The International Committee of the Red Cross said in a statement late Monday that its president, Mirjana Spoljaric, had met with Haniyeh in Qatar, calling for “the immediate release of hostages.”
The aid group said it didn’t take part in negotiations leading to the release of the hostages, as a humanitarian intermediary, and insisted that their teams be able to visit the hostages and check on their welfare.
Speaking to NPR, Medhat Abbas, a doctor at the Indonesian Hospital, said about 120 people were evacuated from the facility to Nasser Hospital in the south of Gaza. Gaza’s health ministry says at least 500 wounded people and more than 2,000 displaced Gaza residents remain stranded inside. The ministry’s spokesman said that the Gaza hospitals’Occupancy has reached 190%.

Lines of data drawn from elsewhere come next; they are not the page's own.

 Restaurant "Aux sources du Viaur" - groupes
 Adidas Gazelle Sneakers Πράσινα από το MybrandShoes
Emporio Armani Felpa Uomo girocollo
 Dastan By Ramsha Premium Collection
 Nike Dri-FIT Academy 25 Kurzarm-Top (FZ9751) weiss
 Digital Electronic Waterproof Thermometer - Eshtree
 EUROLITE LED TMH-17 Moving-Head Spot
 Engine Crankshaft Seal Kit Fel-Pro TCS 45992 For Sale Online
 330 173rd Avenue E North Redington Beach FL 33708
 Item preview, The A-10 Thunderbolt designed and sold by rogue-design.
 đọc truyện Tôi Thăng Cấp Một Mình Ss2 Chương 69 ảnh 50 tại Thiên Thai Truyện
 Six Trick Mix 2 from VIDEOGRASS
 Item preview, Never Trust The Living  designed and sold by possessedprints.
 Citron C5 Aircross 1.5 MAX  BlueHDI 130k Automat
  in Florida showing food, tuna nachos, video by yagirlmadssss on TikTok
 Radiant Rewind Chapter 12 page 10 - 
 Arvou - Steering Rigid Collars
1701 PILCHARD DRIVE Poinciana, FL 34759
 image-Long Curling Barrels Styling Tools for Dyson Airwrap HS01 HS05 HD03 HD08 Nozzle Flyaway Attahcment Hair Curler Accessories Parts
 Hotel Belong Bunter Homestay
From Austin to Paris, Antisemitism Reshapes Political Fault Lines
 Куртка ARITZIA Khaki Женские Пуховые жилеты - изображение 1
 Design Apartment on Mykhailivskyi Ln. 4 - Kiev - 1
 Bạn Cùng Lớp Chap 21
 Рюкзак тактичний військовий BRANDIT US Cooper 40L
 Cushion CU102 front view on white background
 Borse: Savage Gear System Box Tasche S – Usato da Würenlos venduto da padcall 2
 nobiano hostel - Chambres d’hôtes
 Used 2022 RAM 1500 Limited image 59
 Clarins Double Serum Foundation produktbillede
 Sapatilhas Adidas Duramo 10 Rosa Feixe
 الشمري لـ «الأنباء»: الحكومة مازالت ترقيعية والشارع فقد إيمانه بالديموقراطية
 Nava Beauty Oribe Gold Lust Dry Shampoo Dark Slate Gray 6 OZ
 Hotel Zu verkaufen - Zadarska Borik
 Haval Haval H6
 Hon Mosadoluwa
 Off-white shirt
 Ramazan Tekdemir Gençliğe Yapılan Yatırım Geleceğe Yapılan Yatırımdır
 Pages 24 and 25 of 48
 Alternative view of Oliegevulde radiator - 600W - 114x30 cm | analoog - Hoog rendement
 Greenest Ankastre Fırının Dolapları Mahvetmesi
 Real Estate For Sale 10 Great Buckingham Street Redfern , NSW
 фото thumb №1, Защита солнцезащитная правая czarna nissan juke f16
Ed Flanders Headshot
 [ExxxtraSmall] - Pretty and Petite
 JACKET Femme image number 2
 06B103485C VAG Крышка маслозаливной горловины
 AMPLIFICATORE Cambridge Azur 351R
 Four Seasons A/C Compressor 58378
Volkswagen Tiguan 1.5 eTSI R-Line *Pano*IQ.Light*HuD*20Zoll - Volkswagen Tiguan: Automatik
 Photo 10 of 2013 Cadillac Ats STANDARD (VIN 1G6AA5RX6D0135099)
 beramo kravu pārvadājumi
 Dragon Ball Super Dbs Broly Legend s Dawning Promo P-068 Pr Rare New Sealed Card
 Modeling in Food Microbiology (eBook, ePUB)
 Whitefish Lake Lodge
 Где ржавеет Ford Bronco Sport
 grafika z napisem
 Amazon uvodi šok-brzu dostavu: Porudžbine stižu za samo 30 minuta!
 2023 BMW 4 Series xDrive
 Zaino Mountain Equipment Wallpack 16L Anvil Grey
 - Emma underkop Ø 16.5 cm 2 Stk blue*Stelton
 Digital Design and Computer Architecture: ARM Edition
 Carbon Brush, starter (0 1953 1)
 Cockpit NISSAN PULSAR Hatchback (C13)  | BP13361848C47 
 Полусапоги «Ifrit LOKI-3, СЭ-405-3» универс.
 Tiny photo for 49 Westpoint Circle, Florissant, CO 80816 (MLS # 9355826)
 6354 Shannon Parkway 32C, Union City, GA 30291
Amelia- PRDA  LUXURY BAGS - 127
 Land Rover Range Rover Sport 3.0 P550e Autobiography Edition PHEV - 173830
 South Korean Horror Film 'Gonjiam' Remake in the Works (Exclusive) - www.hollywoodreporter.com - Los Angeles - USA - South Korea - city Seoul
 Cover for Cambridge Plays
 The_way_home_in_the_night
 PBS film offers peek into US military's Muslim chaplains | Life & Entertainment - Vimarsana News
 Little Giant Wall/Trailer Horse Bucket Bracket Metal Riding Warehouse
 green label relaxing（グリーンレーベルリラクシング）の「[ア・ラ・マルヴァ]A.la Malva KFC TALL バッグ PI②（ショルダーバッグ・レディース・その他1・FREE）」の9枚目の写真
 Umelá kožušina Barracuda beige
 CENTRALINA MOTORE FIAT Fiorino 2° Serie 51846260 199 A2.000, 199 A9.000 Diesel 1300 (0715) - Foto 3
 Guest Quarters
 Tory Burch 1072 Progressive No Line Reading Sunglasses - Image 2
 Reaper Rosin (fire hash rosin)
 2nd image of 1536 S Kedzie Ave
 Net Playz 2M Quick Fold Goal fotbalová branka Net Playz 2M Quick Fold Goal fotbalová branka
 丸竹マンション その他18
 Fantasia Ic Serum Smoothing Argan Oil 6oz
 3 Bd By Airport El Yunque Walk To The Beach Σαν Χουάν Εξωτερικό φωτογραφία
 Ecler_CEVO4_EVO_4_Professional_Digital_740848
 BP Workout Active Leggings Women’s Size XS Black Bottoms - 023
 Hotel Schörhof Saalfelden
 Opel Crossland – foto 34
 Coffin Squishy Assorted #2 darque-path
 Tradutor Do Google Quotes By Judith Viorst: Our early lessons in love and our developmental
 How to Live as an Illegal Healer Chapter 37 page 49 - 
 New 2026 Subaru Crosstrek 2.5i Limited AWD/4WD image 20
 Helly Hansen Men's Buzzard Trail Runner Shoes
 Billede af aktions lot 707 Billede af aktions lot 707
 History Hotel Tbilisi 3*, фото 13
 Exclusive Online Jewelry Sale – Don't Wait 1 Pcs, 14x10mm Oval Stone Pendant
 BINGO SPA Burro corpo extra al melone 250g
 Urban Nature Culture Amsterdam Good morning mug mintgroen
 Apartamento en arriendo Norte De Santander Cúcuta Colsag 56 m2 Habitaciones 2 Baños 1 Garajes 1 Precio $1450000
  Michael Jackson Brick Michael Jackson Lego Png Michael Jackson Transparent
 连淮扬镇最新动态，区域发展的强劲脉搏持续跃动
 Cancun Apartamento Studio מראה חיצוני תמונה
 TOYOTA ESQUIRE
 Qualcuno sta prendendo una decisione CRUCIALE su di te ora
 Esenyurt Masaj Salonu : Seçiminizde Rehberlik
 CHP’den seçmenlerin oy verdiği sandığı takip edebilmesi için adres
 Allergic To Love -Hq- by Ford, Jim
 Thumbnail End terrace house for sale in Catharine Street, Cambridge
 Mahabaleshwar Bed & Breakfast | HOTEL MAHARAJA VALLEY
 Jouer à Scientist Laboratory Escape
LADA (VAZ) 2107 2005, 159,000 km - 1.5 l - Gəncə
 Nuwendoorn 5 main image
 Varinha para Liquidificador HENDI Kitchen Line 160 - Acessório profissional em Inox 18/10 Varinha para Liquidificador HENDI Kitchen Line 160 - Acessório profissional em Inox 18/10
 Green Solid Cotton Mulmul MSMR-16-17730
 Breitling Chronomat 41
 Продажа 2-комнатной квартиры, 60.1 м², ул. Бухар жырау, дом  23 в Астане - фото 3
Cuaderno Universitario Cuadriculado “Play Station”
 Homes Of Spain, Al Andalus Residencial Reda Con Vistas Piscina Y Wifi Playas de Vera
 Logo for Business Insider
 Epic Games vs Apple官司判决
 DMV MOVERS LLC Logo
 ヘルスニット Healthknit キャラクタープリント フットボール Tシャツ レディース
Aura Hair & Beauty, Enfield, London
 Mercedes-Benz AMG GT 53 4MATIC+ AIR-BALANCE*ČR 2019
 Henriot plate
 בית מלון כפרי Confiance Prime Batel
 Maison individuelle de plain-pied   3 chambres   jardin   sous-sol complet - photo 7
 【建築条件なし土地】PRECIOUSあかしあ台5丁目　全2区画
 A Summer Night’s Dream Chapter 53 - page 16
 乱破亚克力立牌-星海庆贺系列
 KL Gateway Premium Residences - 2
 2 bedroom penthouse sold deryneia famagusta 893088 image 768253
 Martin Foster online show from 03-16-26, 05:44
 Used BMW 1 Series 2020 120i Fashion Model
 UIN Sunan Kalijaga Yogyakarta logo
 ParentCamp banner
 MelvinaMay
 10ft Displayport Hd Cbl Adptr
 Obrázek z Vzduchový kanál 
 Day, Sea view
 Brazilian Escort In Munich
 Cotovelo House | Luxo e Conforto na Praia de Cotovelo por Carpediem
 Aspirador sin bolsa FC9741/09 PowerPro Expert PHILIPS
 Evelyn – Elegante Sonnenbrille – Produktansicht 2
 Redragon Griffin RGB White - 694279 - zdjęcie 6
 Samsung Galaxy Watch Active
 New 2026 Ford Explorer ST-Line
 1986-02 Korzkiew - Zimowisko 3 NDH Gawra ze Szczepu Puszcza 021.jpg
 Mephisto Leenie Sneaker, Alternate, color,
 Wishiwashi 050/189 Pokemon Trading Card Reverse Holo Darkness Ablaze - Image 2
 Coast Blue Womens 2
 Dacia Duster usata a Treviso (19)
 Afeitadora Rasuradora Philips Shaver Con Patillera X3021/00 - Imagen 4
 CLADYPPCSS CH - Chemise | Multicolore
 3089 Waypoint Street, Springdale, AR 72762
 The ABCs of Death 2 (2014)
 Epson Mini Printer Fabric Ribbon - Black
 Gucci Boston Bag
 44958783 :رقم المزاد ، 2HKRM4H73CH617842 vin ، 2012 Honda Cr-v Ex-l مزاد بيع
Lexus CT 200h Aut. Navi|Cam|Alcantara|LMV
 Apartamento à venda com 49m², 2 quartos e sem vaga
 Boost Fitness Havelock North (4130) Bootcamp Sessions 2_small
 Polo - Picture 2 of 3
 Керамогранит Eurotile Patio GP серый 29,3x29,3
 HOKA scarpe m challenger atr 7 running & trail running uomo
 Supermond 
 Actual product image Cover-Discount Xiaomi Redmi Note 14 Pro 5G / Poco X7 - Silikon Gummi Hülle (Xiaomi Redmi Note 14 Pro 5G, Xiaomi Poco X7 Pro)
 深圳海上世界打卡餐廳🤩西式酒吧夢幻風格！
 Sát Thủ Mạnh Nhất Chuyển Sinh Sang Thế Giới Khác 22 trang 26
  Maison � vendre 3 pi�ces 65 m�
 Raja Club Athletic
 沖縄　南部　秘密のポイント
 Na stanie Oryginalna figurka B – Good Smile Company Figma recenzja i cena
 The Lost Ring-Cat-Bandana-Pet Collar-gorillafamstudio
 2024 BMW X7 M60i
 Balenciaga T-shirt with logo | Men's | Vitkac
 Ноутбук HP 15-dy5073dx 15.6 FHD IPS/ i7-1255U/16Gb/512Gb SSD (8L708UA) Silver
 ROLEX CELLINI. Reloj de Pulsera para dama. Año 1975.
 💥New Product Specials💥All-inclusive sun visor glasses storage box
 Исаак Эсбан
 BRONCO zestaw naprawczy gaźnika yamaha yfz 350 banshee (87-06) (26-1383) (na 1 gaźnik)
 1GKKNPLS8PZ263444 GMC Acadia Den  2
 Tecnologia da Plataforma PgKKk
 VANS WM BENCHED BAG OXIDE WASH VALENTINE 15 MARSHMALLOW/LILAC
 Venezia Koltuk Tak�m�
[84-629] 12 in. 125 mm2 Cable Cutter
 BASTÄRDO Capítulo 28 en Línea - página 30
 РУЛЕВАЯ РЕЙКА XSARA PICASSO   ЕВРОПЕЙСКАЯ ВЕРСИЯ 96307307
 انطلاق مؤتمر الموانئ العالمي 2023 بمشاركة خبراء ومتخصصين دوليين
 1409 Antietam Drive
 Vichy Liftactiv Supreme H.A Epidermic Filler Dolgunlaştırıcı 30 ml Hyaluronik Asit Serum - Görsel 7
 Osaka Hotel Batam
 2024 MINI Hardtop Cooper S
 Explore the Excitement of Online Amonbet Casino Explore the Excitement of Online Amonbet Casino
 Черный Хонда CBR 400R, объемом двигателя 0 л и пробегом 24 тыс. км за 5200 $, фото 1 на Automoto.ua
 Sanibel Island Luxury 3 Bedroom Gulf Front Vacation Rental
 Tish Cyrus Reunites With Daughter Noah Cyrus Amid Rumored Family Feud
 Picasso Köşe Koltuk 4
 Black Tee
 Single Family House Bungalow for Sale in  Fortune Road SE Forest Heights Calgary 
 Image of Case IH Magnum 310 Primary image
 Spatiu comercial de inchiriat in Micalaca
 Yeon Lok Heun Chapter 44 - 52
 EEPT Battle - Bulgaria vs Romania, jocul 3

Israel has received international criticism for attacks on medical facilities in Gaza, as it insists hospitals are being used by Hamas as covert command posts.
The Office for the Coordination of Humanitarian Affairs said that the Indonesian Hospital had been hit by missiles five times since the beginning of hostilities.
A health facility with a lack of fuel is under an electrical power blackout and has severe shortages of water, essential medicines and supplies.
Gaza’s largest hospital is a refugee for starvation: the need for security and food security measures in the face of Israeli attacks
Earlier this week, Israel’s military released video it said proved that Hamas had used Gaza’s largest hospital, Al-Shifa, as a covert base. Al-Shifa was badly damaged and its electricity cut off during Israeli operations to capture the facility. 28 premature newborn babies were sent to hospitals in Egypt for treatment, on Monday.
WFP and our partners need increased access to resources, like gas and fuel, as the existing food systems are collapsing to reach those in need. To make a real impact, we need hostilities to stop.
“With winter fast approaching, unsafe and overcrowded shelters, and the lack of clean water, civilians are facing the immediate possibility of starvation,” WFP Executive Director Cindy McCain said, adding that the needs of Gazans could not be properly met with a single border crossing at Rafah, Egypt.